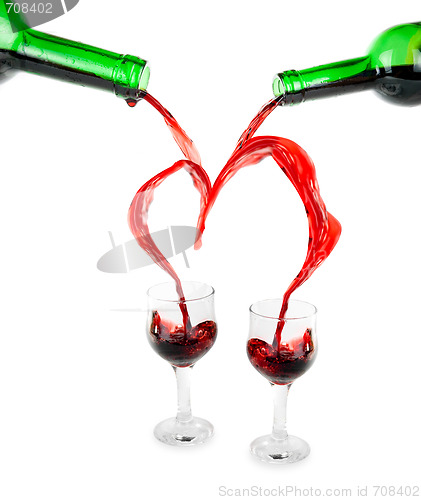Image of Heart from pouring red wine 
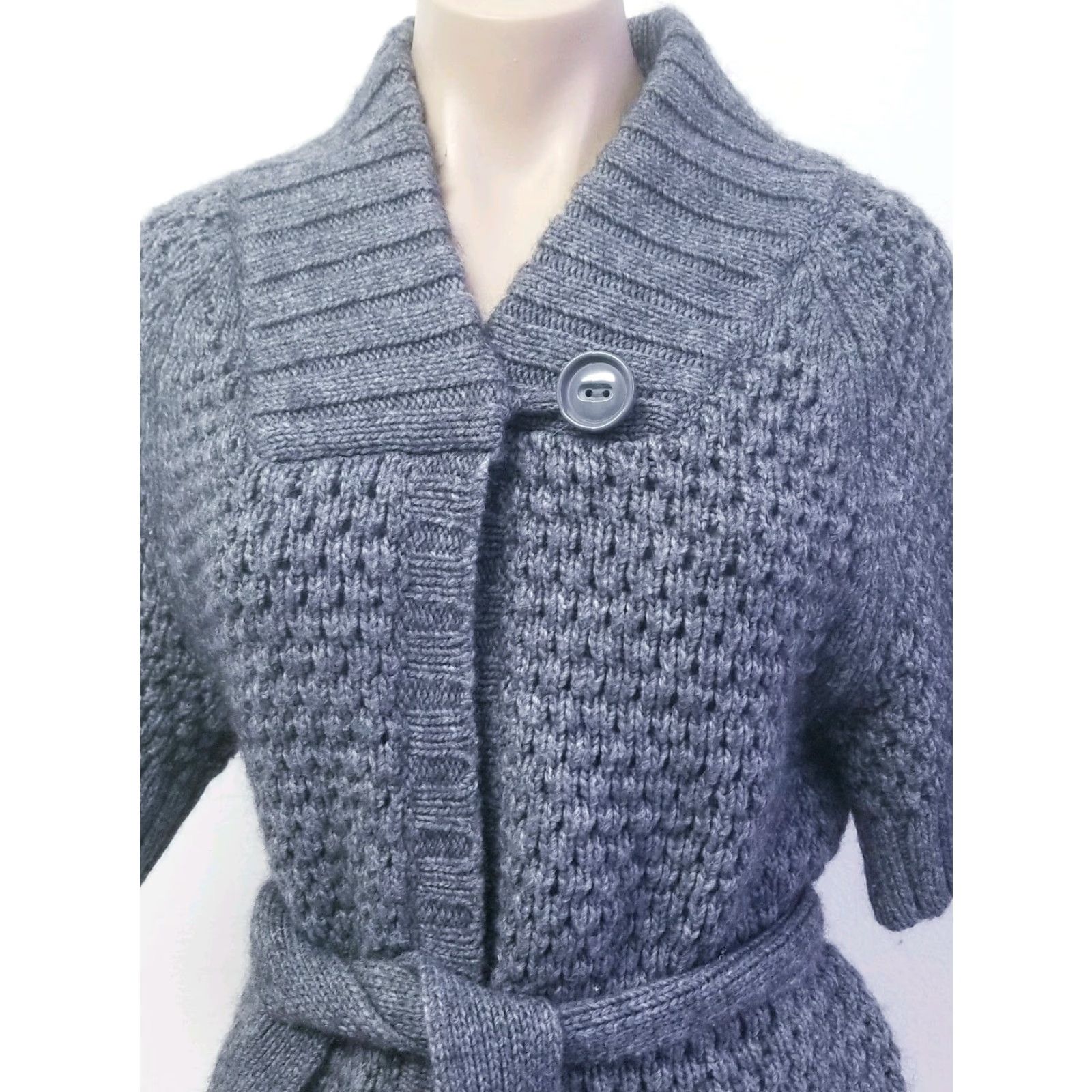 H&M VINTAGE H & M Cardigan Sweater Heather Grey Knit Size M Short Sleeve With Belt Size M / US 6-8 / IT 42-44 - 6 Thumbnail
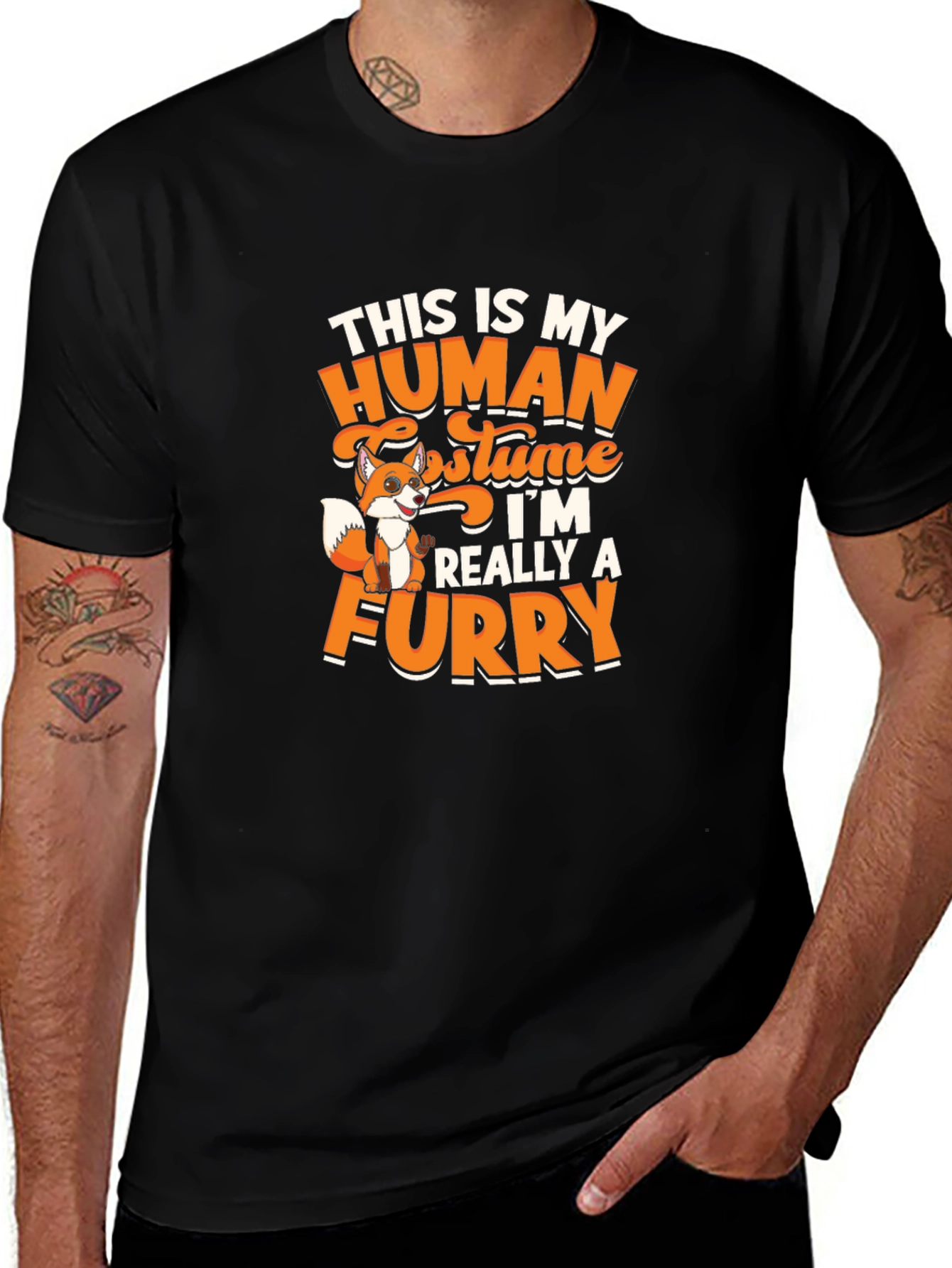 Variant 15 of This is My Human Costume I'm Really a Furry T-Shirt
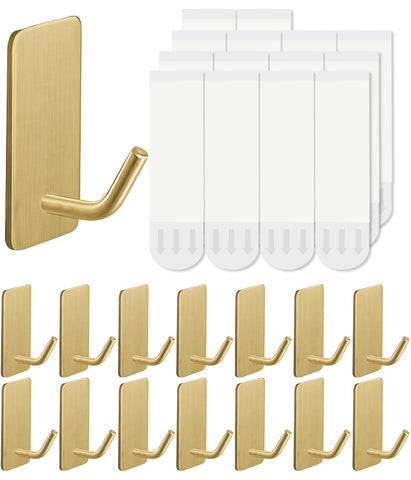 Hoousuper 14-pcs towel hooks in stainless steel with a sleek finish for bathrooms.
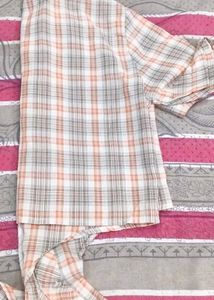 Chic Plaid Cropped orange Shirt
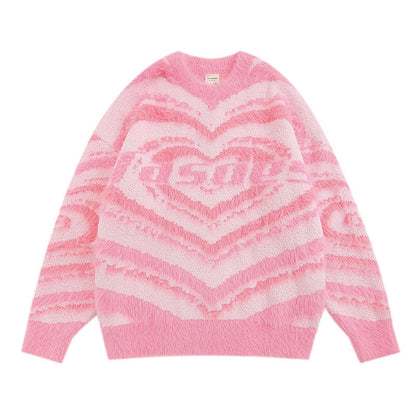 Women Sweater Japanese Fresh Sweet Wind Gradient Color Knitted Sweater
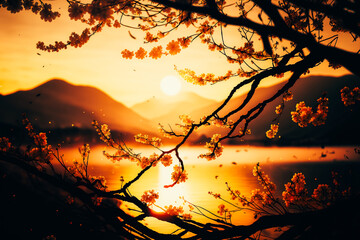 A peaceful scene of cherry blossom branches silhouetted against a warm, golden sunrise, with a hint of mist lingering in the air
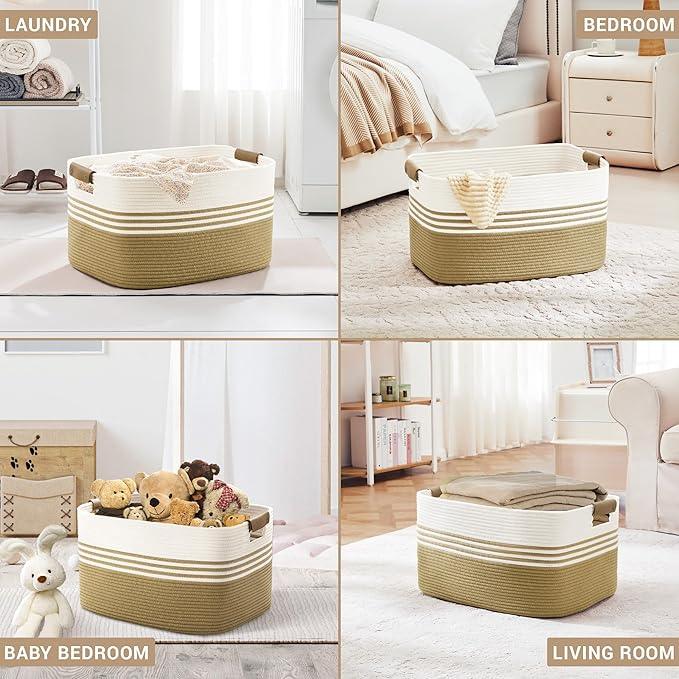 72L Large Laundry Basket with Leather Handles for Living Room Storage, Woven Rope Baskets Bin for Blanket, Kids Toy, Gifts, Wicker Hamper for Bedroom Dirty Clothes, 22"x17"x12" Khaki - ModernBath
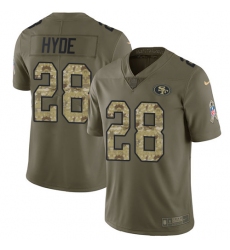 Men's Nike San Francisco 49ers #28 Carlos Hyde Limited Olive/Camo 2017 Salute to Service NFL Jersey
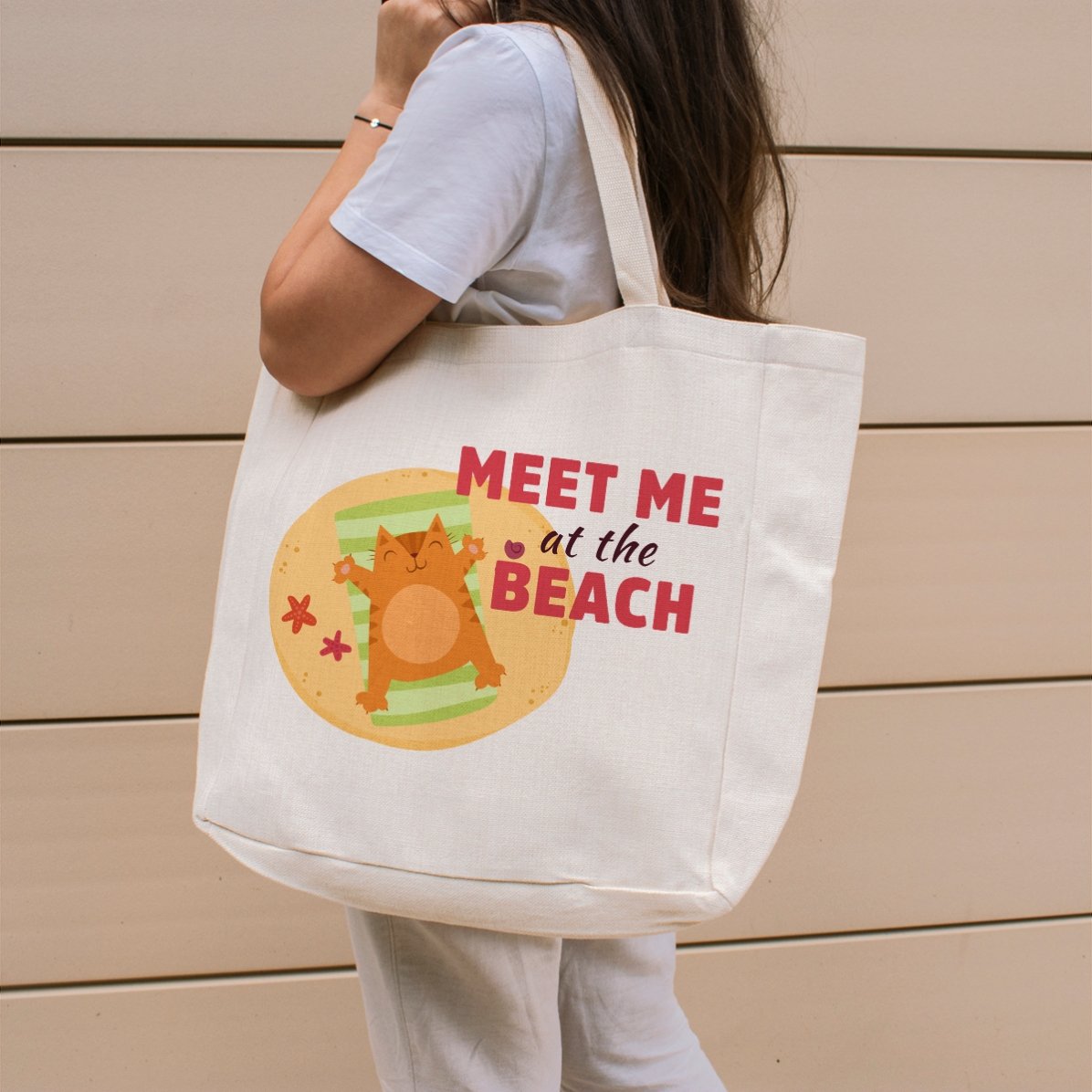 Personalised beach bag with text - Meet me at the beach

++++++++++

§ **Your objective**
Where a picture appears in the records above, omit it, and transcribe exactly the stretch of lines from the one with "Chic Plaid Cropped orange Shirt" through the one with "A peaceful scene".

§ **Solution below**
 Chic Plaid Cropped orange Shirt
 Women Sweater Japanese Fresh Sweet Wind Gradient Color Knitted Sweater
 A peaceful scene of cherry blossom branches silhouetted against a warm, golden sunrise, with a hint of mist lingering in the air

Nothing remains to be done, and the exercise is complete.